I wana buy new graphics card can any1 tell me shop in mumbai where i can buy card directly.I went to some shops in thane but they didnt had the card,so they told me that
i will have to give them half price of money advacne then they will pre order and give me in 2 days.But i wana buy directly
Also can any1 tell which graphics card to get i was thinking of 9800gtx which i was told cost 8200rs


----------



## VarDOS (Oct 11, 2008)

lamington road.....there it is... u will get it there directly...


----------



## sandeep410 (Oct 11, 2008)

How to get to lamington road


----------



## imgame2 (Oct 11, 2008)

sandeep410 said:


> I wana buy new graphics card can any1 tell me shop in mumbai where i can buy card directly.I went to some shops in thane but they didnt had the card,so they told me that
> i will have to give them half price of money advacne then they will pre order and give me in 2 days.But i wana buy directly
> Also can any1 tell which graphics card to get i was thinking of 9800gtx which i was told cost 8200rs



i don't think u can get 9800gtx for 8.2k ...it must be 9800 gt 

so i guess if ur budget is around 10,000 ...go for palit HD4850 for 9700 ..if u don't find it anywhere contact itwares  here (also make sure that its dual slot and looks like this 

*techshop.in/store/product_info.php?cPath=4_272&products_id=2437)

*theitwares.com/

go to this guy and pick it up urself ...

if u want to buy something around 8k ..look for palit 9800gt available with the same person at 8000/-


----------



## VarDOS (Oct 11, 2008)

Lamington Road : 

Get Down @ Grant Road (E) Railway Station... And Start Walking Towards Main Road There You Can Ask Where Is Lamington Road Police Station... As You Reach The Place There You Can See A Lot Of Computer Shoppes..... Its The Lamington Road

Or Get Down @ CST & Take Bus No 66 & Alight On Opera House.


----------



## sandeep410 (Oct 11, 2008)

Whats diff between GT and GTX and can u tell me exact adrress of this shop


----------



## imgame2 (Oct 11, 2008)

sandeep410 said:


> Whats diff between GT and GTX and can u tell me exact adrress of this shop



as dilip said there are many shops out there ..u can ask him about which shop is reliable 

9800gt will cost 8k and 9800gtx will cost about 15k ...and 9800gtx+ will cost about 13k ..out of them performance wise 9800gtx+ > 9800gtx>9800gt

u never mentioned ur budget ...as i said before HD4850 is a great buy !


----------



## sandeep410 (Oct 11, 2008)

imgame2 said:


> as dilip said there are many shops out there ..u can ask him about which shop is reliable
> 
> 9800gt will cost 8k and 9800gtx will cost about 15k ...and 9800gtx+ will cost about 13k ..out of them performance wise 9800gtx+ > 9800gtx>9800gt
> 
> u never mentioned ur budget ...as i said before HD4850 is a great buy !

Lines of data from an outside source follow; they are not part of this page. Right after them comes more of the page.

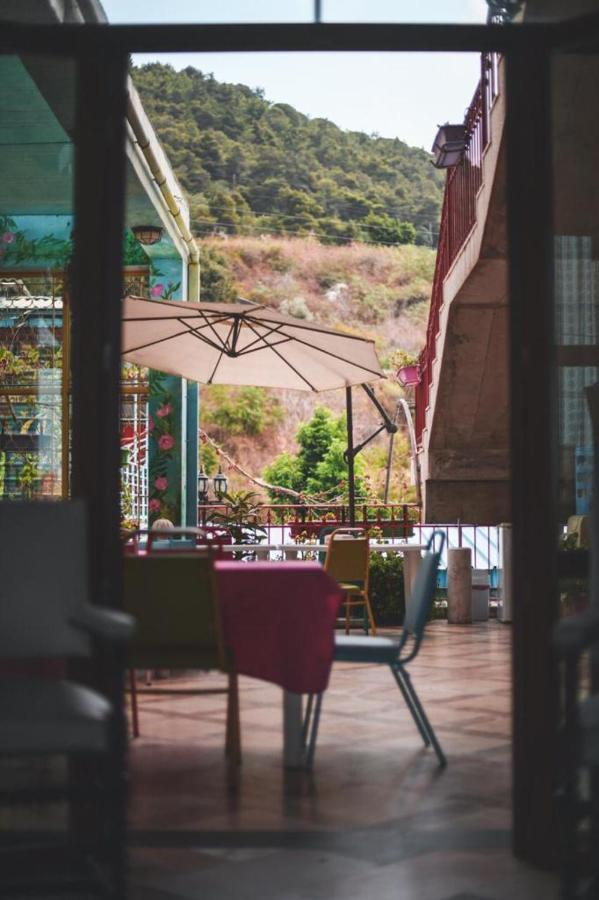 Damask Rose, Lebanese Guest House Jounieh Exterior photo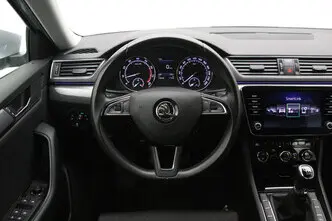 Škoda Superb, 1.5, 110 kW, бензин, механическая, передний привод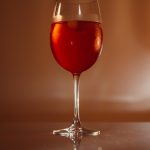 टिंटो डी वारानो: 2-एनरेडिन स्पॅनिश कॉकटेल जी उन्हाळ्यात किंचाळते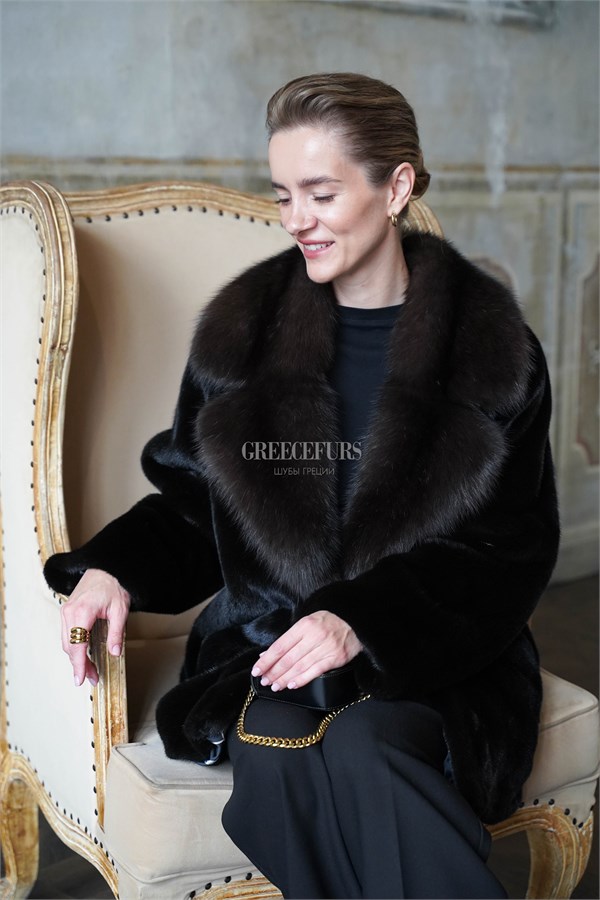 {{photo.Alt || photo.Description || 'Норковый жакет Blackglama с английским воротником из баргузинского соболя'}}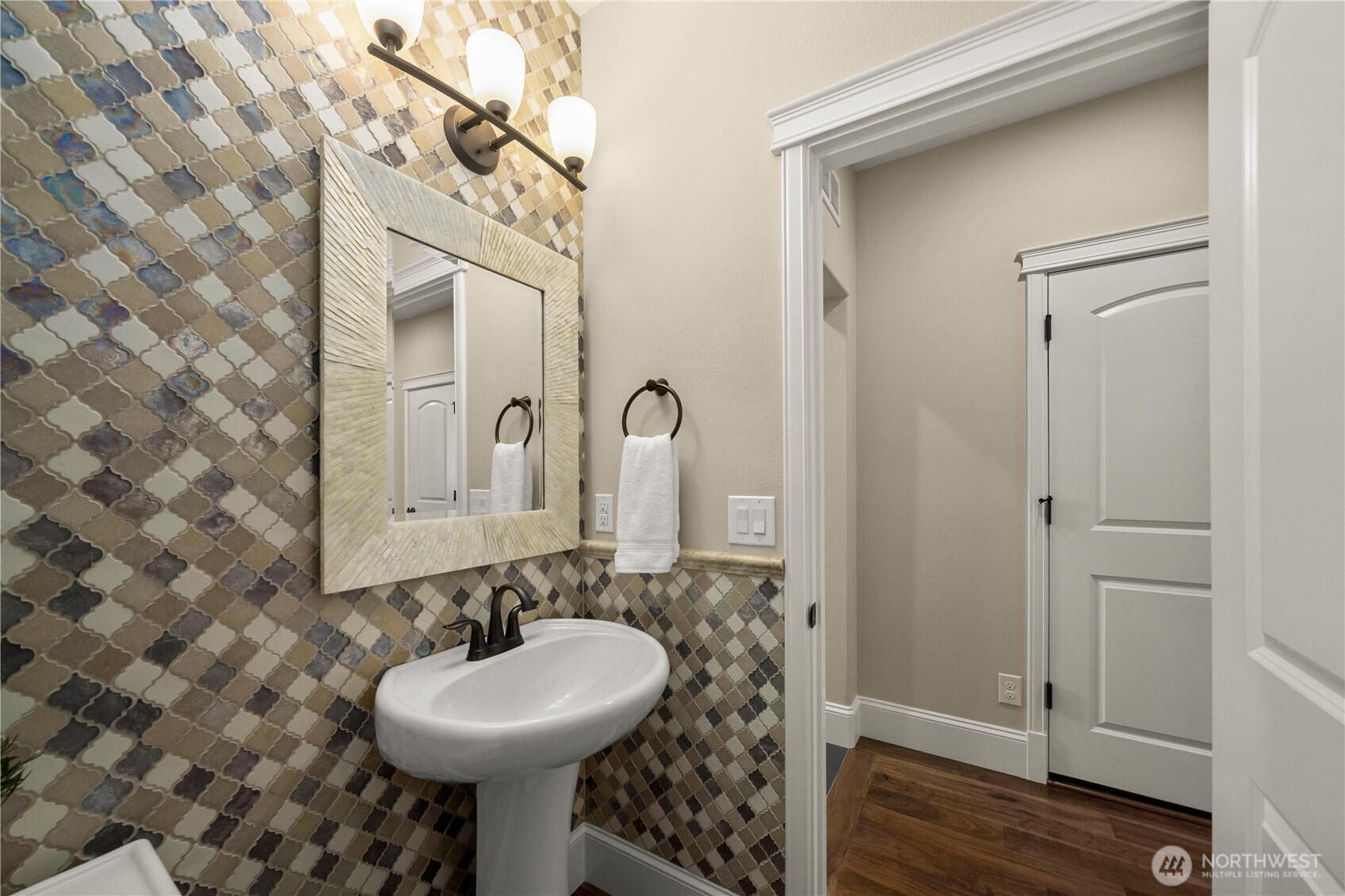 14210 188th Avenue E, Bonney Lake, WA 98391-9639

I have budget of only 10k but i have only 400w PSU and also i need to save 1.5k for atleast buy a game.
Also my current card is 7300GT and i hvae only 1pci E slot in my motherboard.


----------



## imgame2 (Oct 11, 2008)

sandeep410 said:


> I have budget of only 10k but i have only 400w PSU and also i need to save 1.5k for atleast buy a game.
> Also my current card is 7300GT and i hvae only 1pci E slot in my motherboard.



for any card in that range u will have to ugrade ur PSU ...go for atleast coolermaster 500W @ 2.7k or atleast coolermaster 460W for 2.2k ..

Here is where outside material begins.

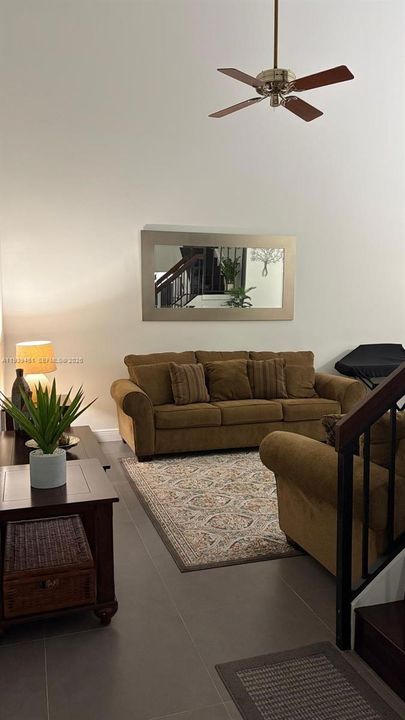 待售: $823,000 (4 贝兹, 2 浴室, 2214 平方英尺)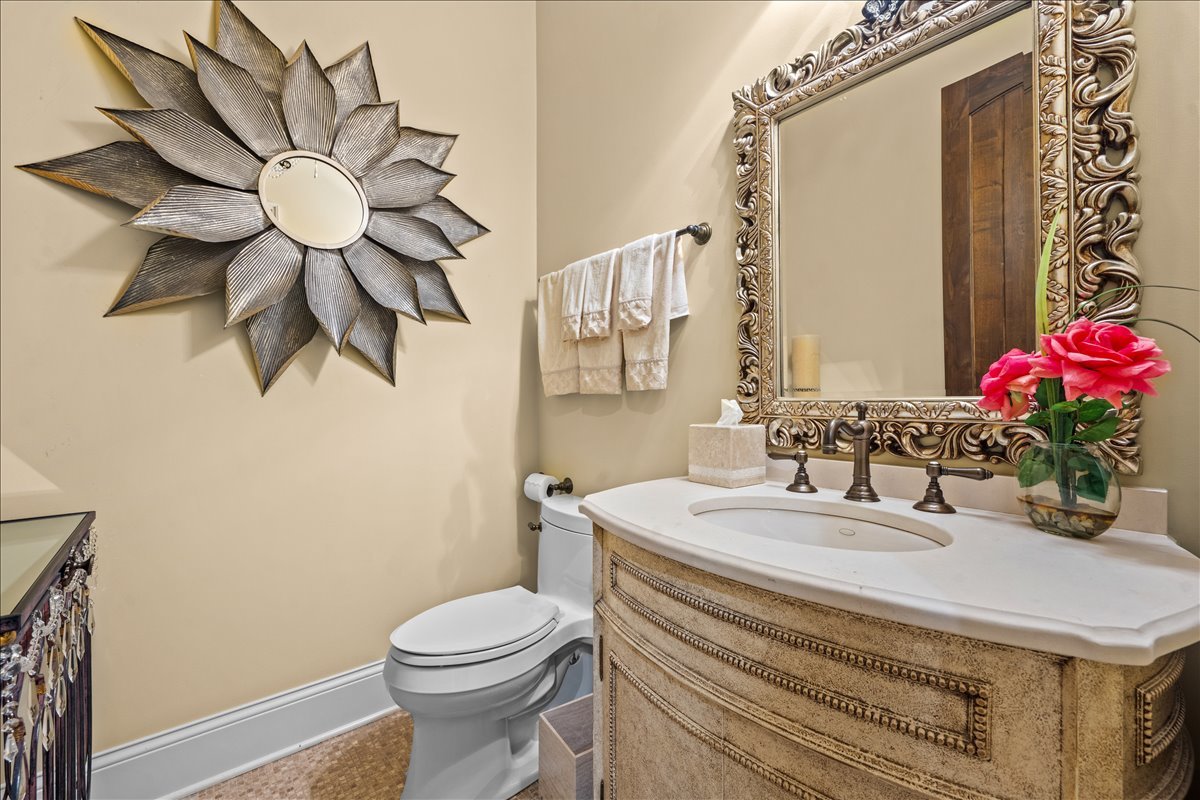 1098 Sheridan Road Highland Park, IL 60035 - Photo 19 of 54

if ur overall budget is 10k ..u should consider going for palit 9800gt for 8k 

but if u can extend ur budget only for gfx card for 9.5k HD4850 is the way to go ...


----------



## Psychosocial (Oct 11, 2008)

Actually imgame2..... Zotac 9800GTX AMP! Edition is costing 10,980Rs. only and it outperforms its 9800GTX+ sibling (dunno how but Digit mag says it ).

@sandeep410

You can try Prime ABGB on Lamington Road.


----------



## sandeep410 (Oct 11, 2008)

Can any1 give me exact adress or loactions of some good reliable shops in lamington road.
What will happen if i dont buy a new PSU.I dont wana spend money on PSU


----------



## imgame2 (Oct 11, 2008)

KPower Mania said:


> Actually imgame2..... Zotac 9800GTX AMP! Edition is costing 10,980Rs. only and it outperforms its 9800GTX+ sibling (dunno how but Digit mag says it ).
> 
> 
> @sandeep410
> ...



yes prime ABGB is good ...

oh where is it available ??? ..

but i don't understand how can be 9800 gtx be cheaper than 9800gtx+.....9800gtx is old fab process 65 nm  ..which is any day costlier to 9800gtx+ fab process of 55nm ..

even on new egg 9800gtx plain costs $193  which directly makes it 10k in present exchange rates .. and obviously 9800gtx amp will cost more ...

and here is the news from lynx india  -

"Massive Price Increase In Many Many Products.New Price Revision Starts Monday 			"



sandeep410 said:


> Can any1 give me exact adress or loactions of some good reliable shops in lamington road.
> What will happen if i dont buy a new PSU.I dont wana spend money on PSU



u can find the address here on 
of this shop called prime adgb

*www.primeabgb.com/

and if u don't have a good PSU ..in all certainty ur gfx card will not give any display even fail to start ..these gfx card require good constant power ..and even if by luck it starts ..it will give u problems while playing game ..like sudden restart or computer hang to name a few  ...


----------



## sandeep410 (Oct 11, 2008)

SO r shops in lamigton road open in sundays


----------



## Psychosocial (Oct 11, 2008)

No jokes but are you planning to write an encyclopedia on Lamington Road shops..... hmm just curious .



imgame2 said:


> yes prime ABGB is good ...
> 
> oh where is it available ??? ..
> 
> ...



Actually, I also think that its not possible and many review sites also state that but this month's Digit consists of a grafix card shootout and they say that Zotac 9800GTX AMP! costs 10.8k and performs better than any other card in its price range (yes.... it also consists of HD4850 :shocked: ) and therefore Digit awarder the Zotac card their 'Best Performance', 'Best Buy' and 'Editor's Pick' award.......... now WTF!


----------



## imgame2 (Oct 11, 2008)

KPower Mania said:


> No jokes but are you planning to write an encyclopedia on Lamington Road shops..... hmm just curious .
> 
> 
> 
> Actually, I also think that its not possible and many review sites also state that but this month's Digit consists of a grafix card shootout and they say that Zotac 9800GTX AMP! costs 10.8k and performs better than any other card in its price range (yes.... it also consists of HD4850 :shocked: ) and therefore Digit awarder the Zotac card their 'Best Performance', 'Best Buy' and 'Editor's Pick' award.......... now WTF!



i seriously think this is some mistake on digit's part ...either they saw 9800gtx price on a US website and converted it into Indian rupees ...


----------



## Psychosocial (Oct 11, 2008)

^^seems so.


----------